EZB-Präsident Draghi wurde von Gauweiler wegen seines Nichterscheinens vor dem Verfassungsgericht kritisiert: "Herr Draghi drückt mit seiner Abstinenz nicht gerade Respekt vor Deutschland und seinen Institutionen aus."

Gauweiler vermutet, dass Bundeskanzlerin Angela Merkel "insgeheim um den Nutzen unseres Kampfes vor Gericht weiß". Tatsächlich sei Karlsruhe "die letzte Sicherung, dass unsere Deiche gegen die Schuldenflut nicht brechen". Von daher denke er, "dass Frau Merkel mich in ihre abendlichen Gebete einschließt. Ab und zu wenigstens".

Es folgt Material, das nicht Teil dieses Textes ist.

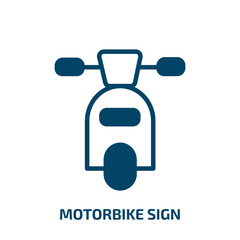 motorbike sign icon from transport collection. Filled motorbike sign, motorbike, vehicle glyph icons isolated on white background. Black vector motorbike sign sign, symbol for web design and mobile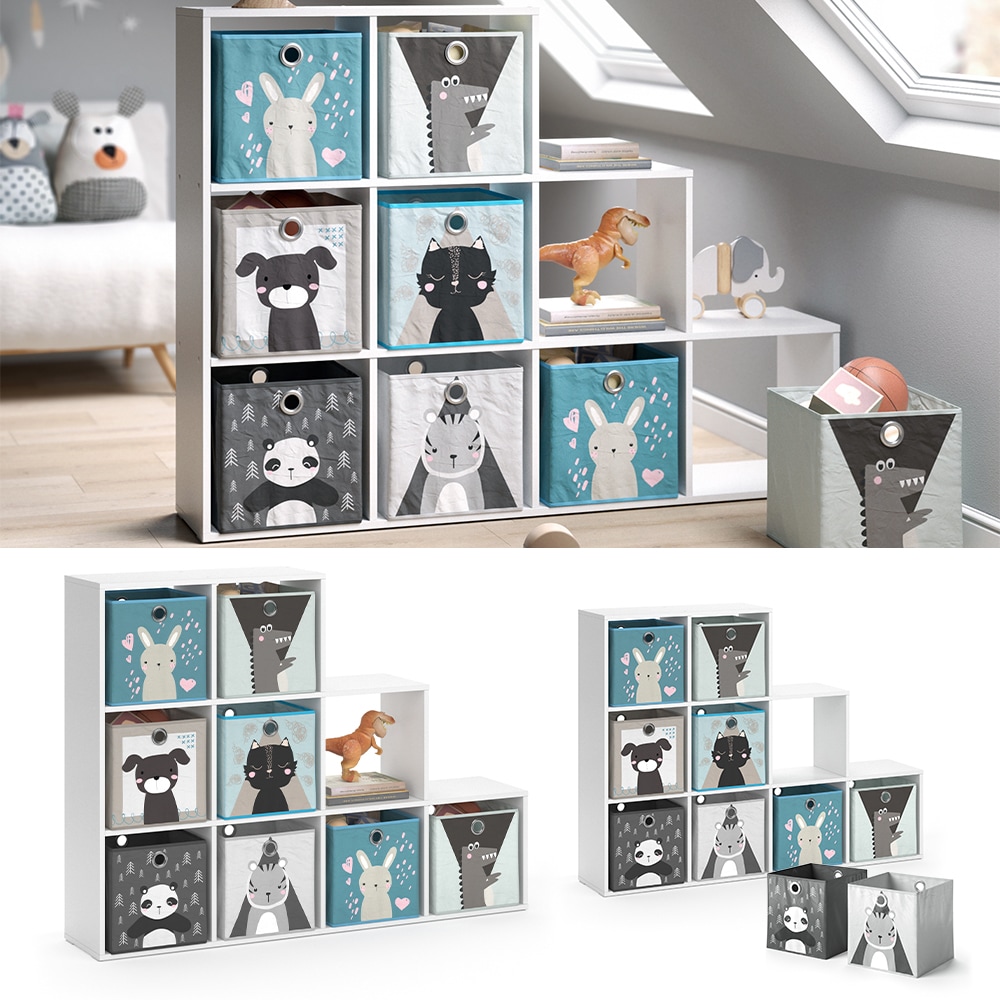 Vicco Treppenregal Raumteiler B&uuml;cherregal Wei&szlig; 9 F&auml;cher Regal Kinder-Faltboxen 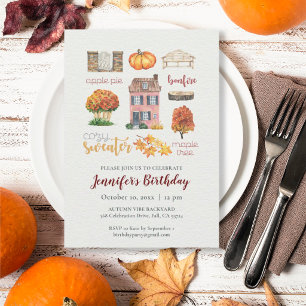 Autumn Rustic Fall Favourite Things Birthday Party Invitation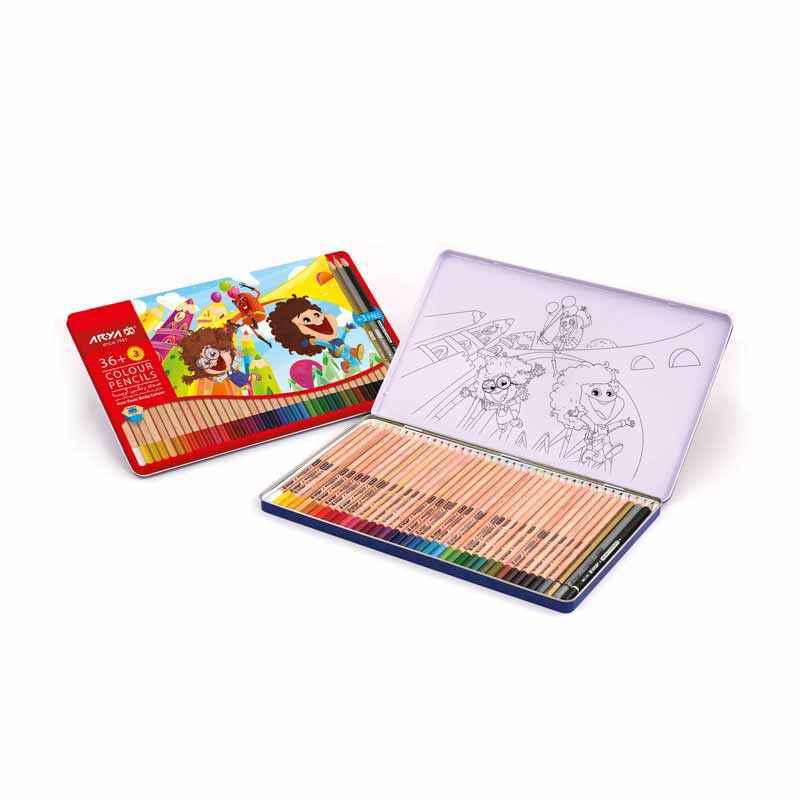 مدادرنگی3+36رنگ جعبه فلزی آریا کد3023ـ3096*40عدد*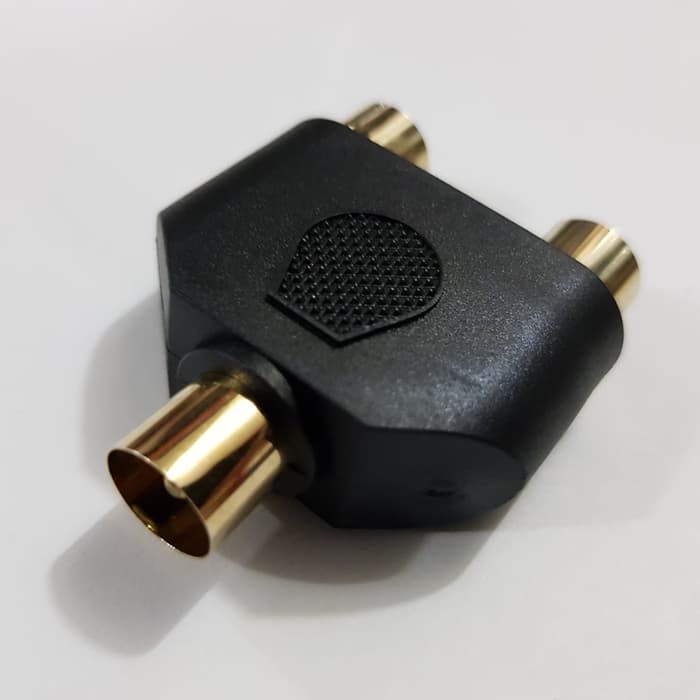 Y Jek Cabang Antena TV - Jack Antenna Male To 2 Female - Konektor Splitter T Connector 2 Way Paralel
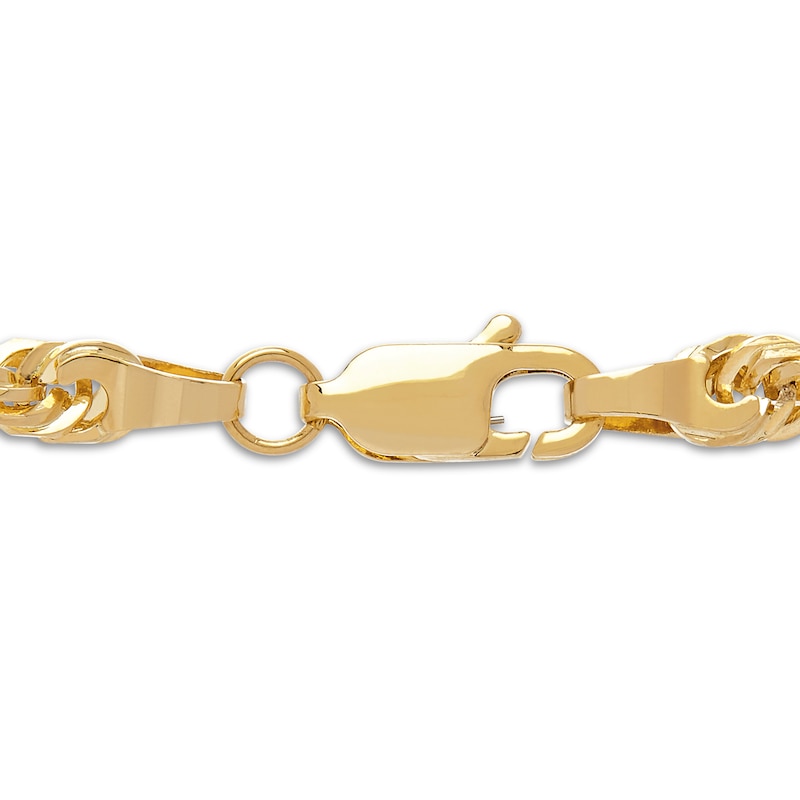 Solid Rope Chain Bracelet Yellow Gold Plated 8.5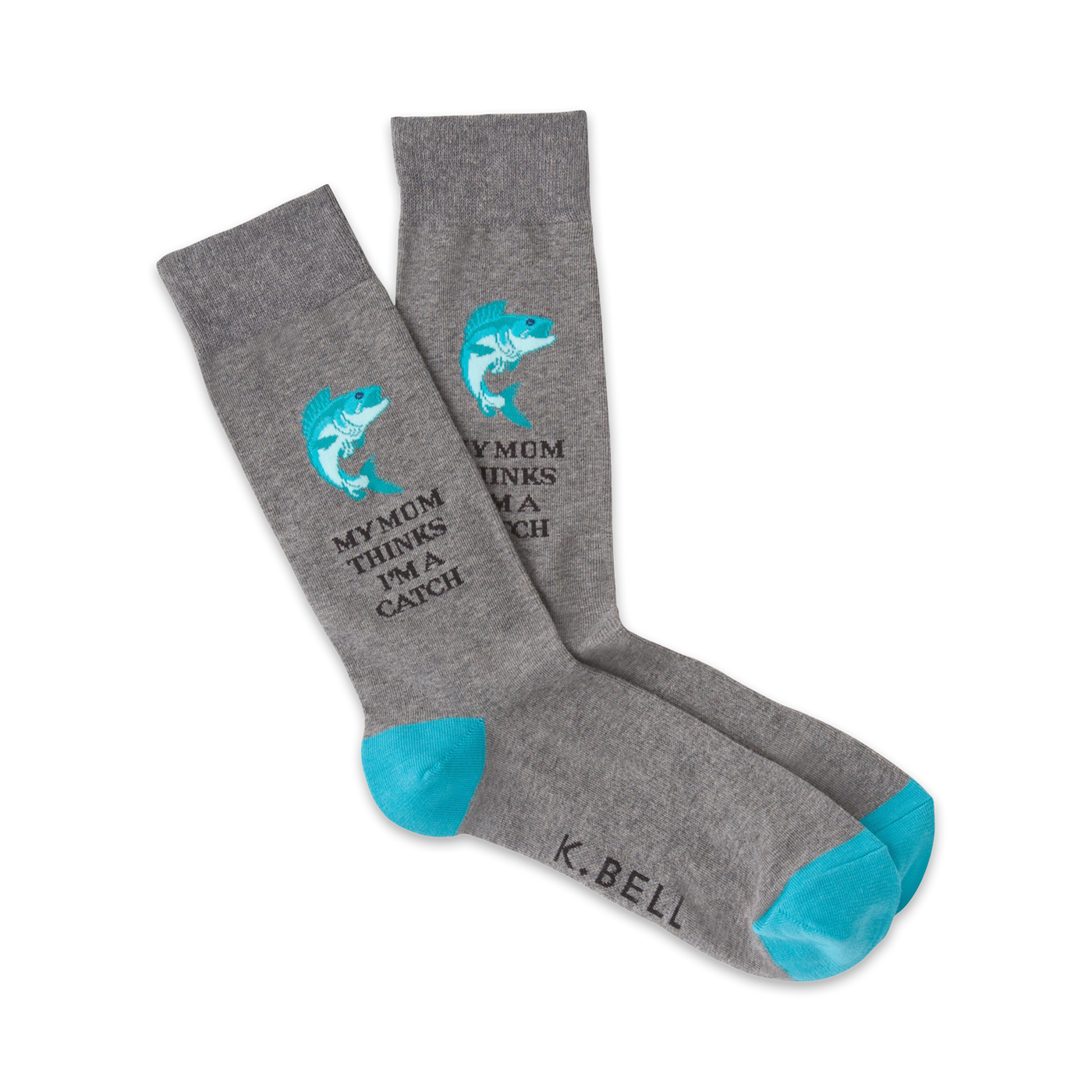 Pair of gray crew socks with teal accents. Design includes a teal fish graphic and the text 'My Mom thinks I'm a Catch'.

Ökonomen halten EZB-Selbstbeschränkung gegenüber Verfassungsgericht für wenig glaubwürdig

Ökonomen halten die vermeintliche Selbstbeschränkung der Europäischen Zentralbank (EZB) beim Anleihenkaufprogramm OMT für wenig glaubwürdig. Die EZB hatte in ihrer Stellungnahme für das Bundesverfassungsgericht vorgerechnet, dass der Bestand an Anleihen, die für das Programm infrage kommen, begrenzt sei. "OMT scheint hier gezielt kleingeredet zu werden", sagte Jörg Krämer, Chefökonom der Commerzbank, der Tageszeitung "Die Welt". Vielmehr sei das Programm bewusst als unbegrenzt angekündigt worden und auch so zu verstehen. Maximal 143 Milliarden Euro könnte die Zentralbank in spanische Staatsanleihen stecken, heißt es in der EZB-Stellungnahme, im Falle Italiens wären es demnach 343 Milliarden Euro. Die Zahlen ergäben sich aus der Beschränkung von OMT auf Papiere mit ein bis drei Jahren Laufzeit. Volkswirte halten diese Rechnung jedoch für eher irreführend. "Der Verweis auf den Bestand an ein- bis dreijährigen Anleihen ist nicht geeignet, den Eindruck zu erwecken, das OMT-Programm sei nicht groß", sagt Krämer.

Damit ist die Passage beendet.